Exercise aim ->
Go through the records and copy each line where the string "Вход" occurs.

Excerpts from a dataset ->

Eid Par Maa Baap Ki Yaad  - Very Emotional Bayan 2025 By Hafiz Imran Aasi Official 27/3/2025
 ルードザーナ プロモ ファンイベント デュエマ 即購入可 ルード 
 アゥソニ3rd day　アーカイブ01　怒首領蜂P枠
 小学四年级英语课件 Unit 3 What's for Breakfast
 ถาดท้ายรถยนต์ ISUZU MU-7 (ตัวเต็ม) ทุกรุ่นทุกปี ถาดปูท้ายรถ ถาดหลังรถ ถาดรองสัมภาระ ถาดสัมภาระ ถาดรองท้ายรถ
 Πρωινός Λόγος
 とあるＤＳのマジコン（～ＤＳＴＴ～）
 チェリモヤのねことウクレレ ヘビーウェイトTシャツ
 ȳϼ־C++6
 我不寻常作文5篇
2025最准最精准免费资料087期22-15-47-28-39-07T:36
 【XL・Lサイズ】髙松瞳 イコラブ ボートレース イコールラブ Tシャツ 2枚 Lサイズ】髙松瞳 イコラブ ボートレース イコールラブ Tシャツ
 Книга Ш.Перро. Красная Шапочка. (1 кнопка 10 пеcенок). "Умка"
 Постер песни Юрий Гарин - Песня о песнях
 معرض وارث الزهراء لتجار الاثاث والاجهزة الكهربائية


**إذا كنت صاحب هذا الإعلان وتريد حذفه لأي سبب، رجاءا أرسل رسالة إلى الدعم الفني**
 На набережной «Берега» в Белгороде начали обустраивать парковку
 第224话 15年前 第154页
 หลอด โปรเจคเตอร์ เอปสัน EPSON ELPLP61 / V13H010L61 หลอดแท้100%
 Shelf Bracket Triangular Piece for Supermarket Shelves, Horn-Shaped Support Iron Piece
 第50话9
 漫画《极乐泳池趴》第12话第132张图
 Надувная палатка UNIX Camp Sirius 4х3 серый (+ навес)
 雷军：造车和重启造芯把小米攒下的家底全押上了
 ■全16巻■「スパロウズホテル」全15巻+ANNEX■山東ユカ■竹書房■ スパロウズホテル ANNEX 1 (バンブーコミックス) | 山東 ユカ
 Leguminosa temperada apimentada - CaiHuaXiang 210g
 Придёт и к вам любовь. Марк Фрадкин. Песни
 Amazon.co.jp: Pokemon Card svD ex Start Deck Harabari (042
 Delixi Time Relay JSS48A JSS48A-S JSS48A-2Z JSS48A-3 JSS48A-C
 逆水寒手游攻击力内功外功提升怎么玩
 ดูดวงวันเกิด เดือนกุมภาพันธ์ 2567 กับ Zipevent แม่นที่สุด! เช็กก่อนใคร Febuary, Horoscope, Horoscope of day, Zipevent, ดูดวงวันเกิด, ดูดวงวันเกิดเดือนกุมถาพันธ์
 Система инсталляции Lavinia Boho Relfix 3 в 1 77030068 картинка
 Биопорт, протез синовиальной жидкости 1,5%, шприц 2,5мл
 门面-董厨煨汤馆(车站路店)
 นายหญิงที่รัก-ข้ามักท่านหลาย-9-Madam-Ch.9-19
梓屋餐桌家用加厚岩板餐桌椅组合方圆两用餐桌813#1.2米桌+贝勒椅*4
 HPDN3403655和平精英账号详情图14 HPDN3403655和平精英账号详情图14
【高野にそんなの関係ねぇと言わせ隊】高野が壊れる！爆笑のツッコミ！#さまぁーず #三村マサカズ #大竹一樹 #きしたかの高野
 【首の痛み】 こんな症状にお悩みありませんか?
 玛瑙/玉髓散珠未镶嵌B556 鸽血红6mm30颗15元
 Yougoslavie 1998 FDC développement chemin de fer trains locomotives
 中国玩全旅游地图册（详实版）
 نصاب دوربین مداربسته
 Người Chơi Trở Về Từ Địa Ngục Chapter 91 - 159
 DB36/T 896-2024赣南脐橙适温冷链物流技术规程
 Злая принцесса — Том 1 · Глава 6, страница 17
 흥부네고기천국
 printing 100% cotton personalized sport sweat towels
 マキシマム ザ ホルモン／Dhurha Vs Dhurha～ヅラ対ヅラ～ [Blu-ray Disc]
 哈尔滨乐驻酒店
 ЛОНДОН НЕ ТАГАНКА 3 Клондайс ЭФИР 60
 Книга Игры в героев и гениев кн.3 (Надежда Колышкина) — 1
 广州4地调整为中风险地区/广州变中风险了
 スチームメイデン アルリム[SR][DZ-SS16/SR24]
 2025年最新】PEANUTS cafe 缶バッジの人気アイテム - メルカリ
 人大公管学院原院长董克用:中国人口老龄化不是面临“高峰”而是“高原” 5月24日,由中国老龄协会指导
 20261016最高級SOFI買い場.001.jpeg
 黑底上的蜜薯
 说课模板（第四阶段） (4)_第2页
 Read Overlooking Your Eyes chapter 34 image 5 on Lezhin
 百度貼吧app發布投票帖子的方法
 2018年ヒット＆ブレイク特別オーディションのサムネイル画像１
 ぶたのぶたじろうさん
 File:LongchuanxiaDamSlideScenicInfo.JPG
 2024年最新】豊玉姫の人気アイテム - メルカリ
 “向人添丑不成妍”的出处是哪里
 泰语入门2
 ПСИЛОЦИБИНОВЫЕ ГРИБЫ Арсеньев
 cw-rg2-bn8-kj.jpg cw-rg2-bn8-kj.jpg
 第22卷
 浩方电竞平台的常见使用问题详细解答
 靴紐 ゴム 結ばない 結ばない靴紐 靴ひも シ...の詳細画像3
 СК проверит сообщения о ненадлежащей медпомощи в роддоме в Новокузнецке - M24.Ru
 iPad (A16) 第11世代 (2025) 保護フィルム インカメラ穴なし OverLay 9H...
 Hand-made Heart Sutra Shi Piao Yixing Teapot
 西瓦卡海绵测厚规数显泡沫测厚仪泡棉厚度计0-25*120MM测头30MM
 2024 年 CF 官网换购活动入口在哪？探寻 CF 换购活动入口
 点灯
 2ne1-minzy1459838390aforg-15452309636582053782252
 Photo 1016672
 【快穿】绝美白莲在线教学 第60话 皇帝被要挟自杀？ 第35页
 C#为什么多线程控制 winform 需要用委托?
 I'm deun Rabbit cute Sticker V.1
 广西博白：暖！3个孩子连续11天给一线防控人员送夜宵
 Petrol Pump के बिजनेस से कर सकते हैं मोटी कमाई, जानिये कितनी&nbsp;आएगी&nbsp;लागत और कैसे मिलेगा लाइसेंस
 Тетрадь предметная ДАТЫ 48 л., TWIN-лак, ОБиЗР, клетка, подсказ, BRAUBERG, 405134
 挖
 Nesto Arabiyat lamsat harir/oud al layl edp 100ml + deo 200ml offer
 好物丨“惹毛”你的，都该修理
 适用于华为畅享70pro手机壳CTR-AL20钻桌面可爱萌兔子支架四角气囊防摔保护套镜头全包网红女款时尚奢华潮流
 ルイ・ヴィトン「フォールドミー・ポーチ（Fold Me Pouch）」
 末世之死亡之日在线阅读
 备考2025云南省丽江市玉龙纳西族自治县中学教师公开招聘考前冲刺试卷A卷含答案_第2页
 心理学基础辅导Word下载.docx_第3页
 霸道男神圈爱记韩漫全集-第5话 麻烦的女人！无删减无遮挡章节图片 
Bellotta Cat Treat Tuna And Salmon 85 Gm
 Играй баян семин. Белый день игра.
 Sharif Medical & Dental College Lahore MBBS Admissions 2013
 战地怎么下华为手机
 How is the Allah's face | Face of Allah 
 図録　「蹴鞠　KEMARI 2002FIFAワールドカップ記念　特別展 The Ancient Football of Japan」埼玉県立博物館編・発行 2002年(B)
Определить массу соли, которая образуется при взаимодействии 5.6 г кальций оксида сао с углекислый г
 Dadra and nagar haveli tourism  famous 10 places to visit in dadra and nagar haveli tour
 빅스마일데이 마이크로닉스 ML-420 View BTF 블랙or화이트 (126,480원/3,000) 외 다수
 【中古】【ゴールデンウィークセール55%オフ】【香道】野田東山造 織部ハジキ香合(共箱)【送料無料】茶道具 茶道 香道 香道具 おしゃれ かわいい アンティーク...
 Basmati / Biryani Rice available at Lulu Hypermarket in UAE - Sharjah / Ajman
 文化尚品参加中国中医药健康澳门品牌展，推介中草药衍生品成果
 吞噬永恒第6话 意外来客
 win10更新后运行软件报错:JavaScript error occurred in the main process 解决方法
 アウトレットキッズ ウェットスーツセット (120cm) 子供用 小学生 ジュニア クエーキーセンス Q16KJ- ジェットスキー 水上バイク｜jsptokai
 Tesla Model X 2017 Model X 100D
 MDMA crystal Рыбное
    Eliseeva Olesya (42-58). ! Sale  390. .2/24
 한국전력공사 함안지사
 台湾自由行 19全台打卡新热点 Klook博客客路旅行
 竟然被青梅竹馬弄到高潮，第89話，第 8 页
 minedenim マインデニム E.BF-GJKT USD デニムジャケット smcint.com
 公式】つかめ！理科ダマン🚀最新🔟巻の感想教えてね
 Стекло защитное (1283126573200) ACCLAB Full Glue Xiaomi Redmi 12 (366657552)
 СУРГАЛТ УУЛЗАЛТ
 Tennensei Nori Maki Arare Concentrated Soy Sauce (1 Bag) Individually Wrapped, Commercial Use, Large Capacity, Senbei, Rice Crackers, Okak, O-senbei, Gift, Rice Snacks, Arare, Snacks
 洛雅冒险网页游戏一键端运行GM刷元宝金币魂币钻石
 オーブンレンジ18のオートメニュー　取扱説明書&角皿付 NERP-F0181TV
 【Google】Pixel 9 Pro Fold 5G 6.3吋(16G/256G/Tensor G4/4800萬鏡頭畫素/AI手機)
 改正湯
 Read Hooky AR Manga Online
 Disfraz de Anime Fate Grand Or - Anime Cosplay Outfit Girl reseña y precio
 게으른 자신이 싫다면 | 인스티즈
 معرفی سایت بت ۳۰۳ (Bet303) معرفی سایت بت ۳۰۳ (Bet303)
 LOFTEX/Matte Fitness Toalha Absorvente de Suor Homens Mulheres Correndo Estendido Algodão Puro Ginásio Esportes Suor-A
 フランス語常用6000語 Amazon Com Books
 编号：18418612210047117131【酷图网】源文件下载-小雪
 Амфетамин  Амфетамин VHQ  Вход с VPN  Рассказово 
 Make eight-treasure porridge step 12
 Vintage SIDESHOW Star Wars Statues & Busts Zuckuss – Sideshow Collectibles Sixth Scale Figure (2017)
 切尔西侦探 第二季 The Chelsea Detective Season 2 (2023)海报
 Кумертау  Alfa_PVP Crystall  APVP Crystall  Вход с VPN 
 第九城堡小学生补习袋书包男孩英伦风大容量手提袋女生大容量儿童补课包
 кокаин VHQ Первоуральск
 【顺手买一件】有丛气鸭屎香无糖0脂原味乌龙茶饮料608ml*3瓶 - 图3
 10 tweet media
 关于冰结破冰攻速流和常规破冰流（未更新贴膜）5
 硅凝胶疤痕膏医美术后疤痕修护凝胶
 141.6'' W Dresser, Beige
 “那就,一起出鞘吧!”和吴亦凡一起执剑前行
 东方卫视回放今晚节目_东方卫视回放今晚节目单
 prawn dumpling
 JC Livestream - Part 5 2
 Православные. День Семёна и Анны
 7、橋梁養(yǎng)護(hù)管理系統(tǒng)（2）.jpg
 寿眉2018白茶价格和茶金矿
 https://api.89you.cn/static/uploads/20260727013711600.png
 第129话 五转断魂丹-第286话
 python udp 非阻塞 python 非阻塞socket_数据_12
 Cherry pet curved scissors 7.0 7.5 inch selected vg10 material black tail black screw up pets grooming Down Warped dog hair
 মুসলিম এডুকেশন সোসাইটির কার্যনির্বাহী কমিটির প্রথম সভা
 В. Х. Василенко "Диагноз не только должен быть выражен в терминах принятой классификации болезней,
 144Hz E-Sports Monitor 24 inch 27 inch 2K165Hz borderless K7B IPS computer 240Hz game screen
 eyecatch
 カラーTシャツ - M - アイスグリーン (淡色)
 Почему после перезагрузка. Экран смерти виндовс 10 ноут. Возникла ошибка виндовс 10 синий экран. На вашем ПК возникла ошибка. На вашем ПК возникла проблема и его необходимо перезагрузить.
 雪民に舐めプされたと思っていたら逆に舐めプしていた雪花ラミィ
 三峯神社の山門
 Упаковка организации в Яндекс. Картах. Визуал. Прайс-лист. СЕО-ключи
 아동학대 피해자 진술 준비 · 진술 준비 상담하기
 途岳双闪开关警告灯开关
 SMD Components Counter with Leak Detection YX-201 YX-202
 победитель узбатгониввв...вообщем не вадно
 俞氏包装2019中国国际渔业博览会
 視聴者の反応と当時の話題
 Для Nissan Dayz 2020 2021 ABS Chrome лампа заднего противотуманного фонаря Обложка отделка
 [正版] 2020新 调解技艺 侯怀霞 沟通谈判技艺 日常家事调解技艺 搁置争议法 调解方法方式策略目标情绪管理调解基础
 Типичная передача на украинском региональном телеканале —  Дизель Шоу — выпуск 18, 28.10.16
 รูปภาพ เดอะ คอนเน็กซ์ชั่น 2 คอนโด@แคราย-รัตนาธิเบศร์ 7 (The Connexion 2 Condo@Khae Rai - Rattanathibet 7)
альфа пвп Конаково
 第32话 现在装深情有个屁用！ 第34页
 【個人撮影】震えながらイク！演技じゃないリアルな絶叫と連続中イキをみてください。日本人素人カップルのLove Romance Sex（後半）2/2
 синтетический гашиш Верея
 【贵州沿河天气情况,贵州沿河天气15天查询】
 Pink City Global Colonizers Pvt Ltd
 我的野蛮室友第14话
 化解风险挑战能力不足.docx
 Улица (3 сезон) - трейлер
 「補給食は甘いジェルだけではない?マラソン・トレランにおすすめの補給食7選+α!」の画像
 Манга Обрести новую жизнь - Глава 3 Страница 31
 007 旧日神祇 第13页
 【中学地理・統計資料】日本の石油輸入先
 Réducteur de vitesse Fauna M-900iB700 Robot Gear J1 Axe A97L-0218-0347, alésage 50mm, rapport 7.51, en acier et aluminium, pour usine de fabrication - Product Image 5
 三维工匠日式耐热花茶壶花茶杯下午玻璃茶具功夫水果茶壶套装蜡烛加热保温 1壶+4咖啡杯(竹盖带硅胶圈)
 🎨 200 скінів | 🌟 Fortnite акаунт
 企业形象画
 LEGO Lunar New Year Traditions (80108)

Result of the task ->
 Амфетамин  Амфетамин VHQ  Вход с VPN  Рассказово 
 Кумертау  Alfa_PVP Crystall  APVP Crystall  Вход с VPN 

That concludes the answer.